Problem is that last part will never be known unless either of them tries it or some 3rd party comes in and actually shows it to be viable. Not one example has been for hardware that ever came within a hundred miles of nVidia or ATI spec wise or cost-wise. They've all been about low-end cheap stuff, which only really shows that it's a win in otherwise constrained situations where your performance would be far below abysmal otherwise, and we'd prefer just keep it a little better than total suckage. There's not even an isolated example for how it works out with high-end hardware.

Kyro 2 was probably the closest example, and it sometimes it went toe to toe with a geforce 2 gts (or maybe even an ultra), but there were other times it couldn't even keep up with geforce 2 mx. It was very game dependent, favoring the narrow corridor shooters of the time (much of which had software rendering modes and were poly constrained anyhow) over the newer emerging games with broad, wide open expanses.
It also had rendering issues, even under direct3d, which I don't know if they were just driver bugs or unfixable aspects of the underlying tech without developing the software specifically for the chip.

You could point to the CLX in dreamcast as a high end example, but it performed worse and looked worse in every game that was on both Dreamcast and PC. Not only that, but I wouldn't say there were any Dreamcast exclusives that really blew away anything on PC either. Shenmue had some horrible iq problems, along with a bad framerate, as well as some serious draw in problems, and was more interesting for its scene and texture variety than for any isolated graphical element. IMO, Shenmue showed what a big budget could do for a game, not what the Dreamcast technology could enable over PC hardware of the time. (sure, there are quoted specs for games that say they blow away any PC game of the time and would even have trouble running on pcs now, didn't test drive le mans claim something like 20 million polygons per second, at least on the ps2 version, or something along with 4x anisotropic filtering and such? the game looked good, but it's no gt 4)

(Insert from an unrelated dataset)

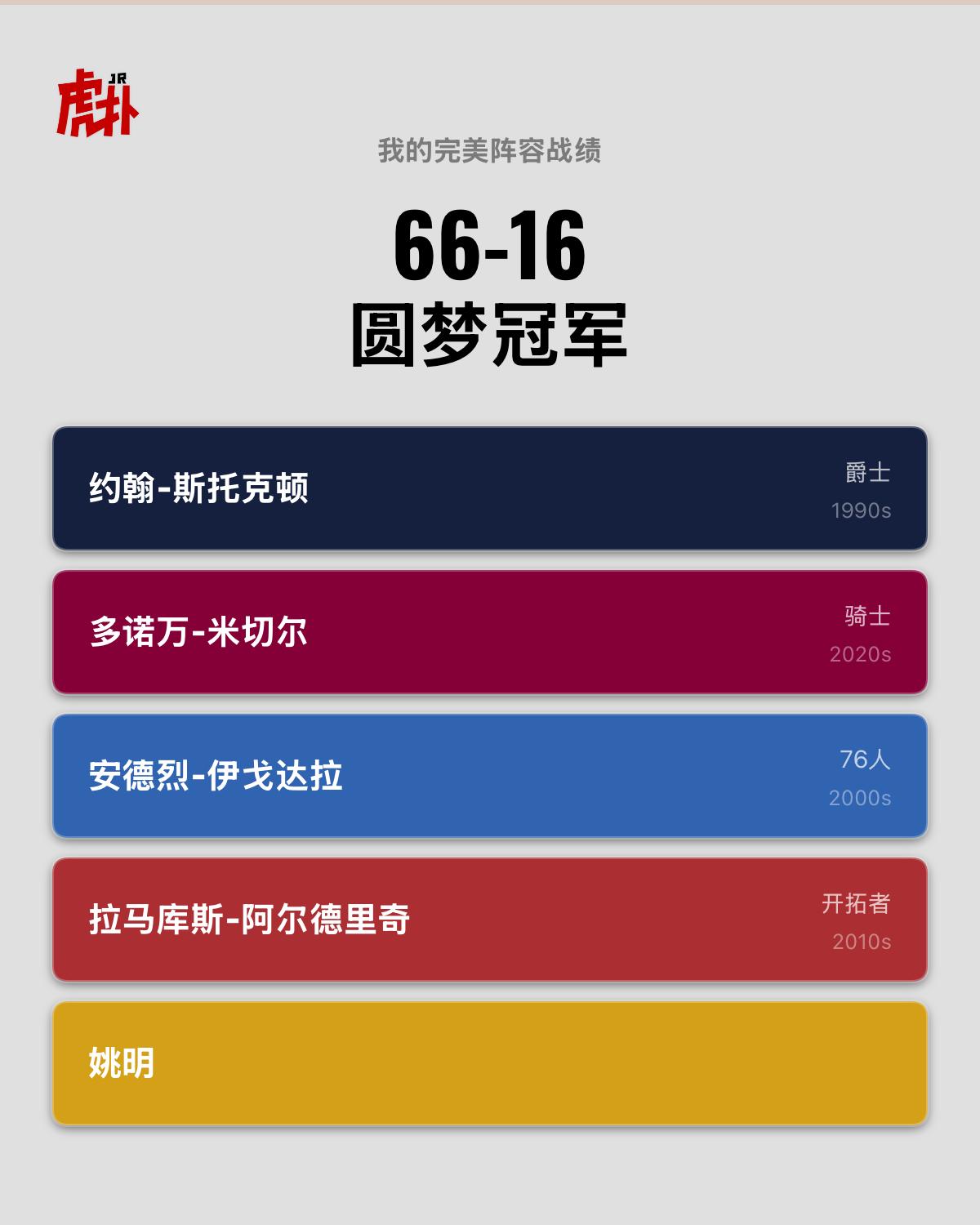 一哥关键
还得是一哥 有夺冠基因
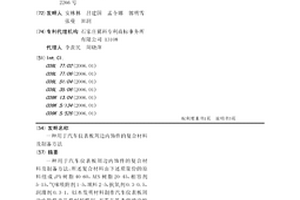 用于汽車儀表板周邊內飾件的復合材料及制備方法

That said, there is something sexy about TBDR. In general, I tend to favor solutions that add more onto the main chip silicon to reduce the load on external memory. Detaching from an external memory subsystem as much as possible just seems appealing, since you aren't reliant on fast and expensive ram for optimal performance, and just seems like it would bring about a broader variety of areas the same chip could be used without castrating its performance. Why has Imgtech stayed out of the PC, console, and arcade market? Are they really making that much money off of cell phones?
 
The Kyro 2 didn't have hardware T&L. Which held it back in games that pushed a lot of polys.

Cheers
 
The Kyro 2 didn't have hardware T&L. Which held it back in games that pushed a lot of polys.

Cheers

It also had trouble in flight sims that didn't support hardware T&L. A game like a flight sim would be pretty much the worst possible thing you could run on a TBDR right, almost no overdraw. There are a lot more games now with wide, open expanses than there were back in 1999/2000. Mainly due to hardware T&L allowing more polys to do such things, but it would seem such designs would also limit overdraw.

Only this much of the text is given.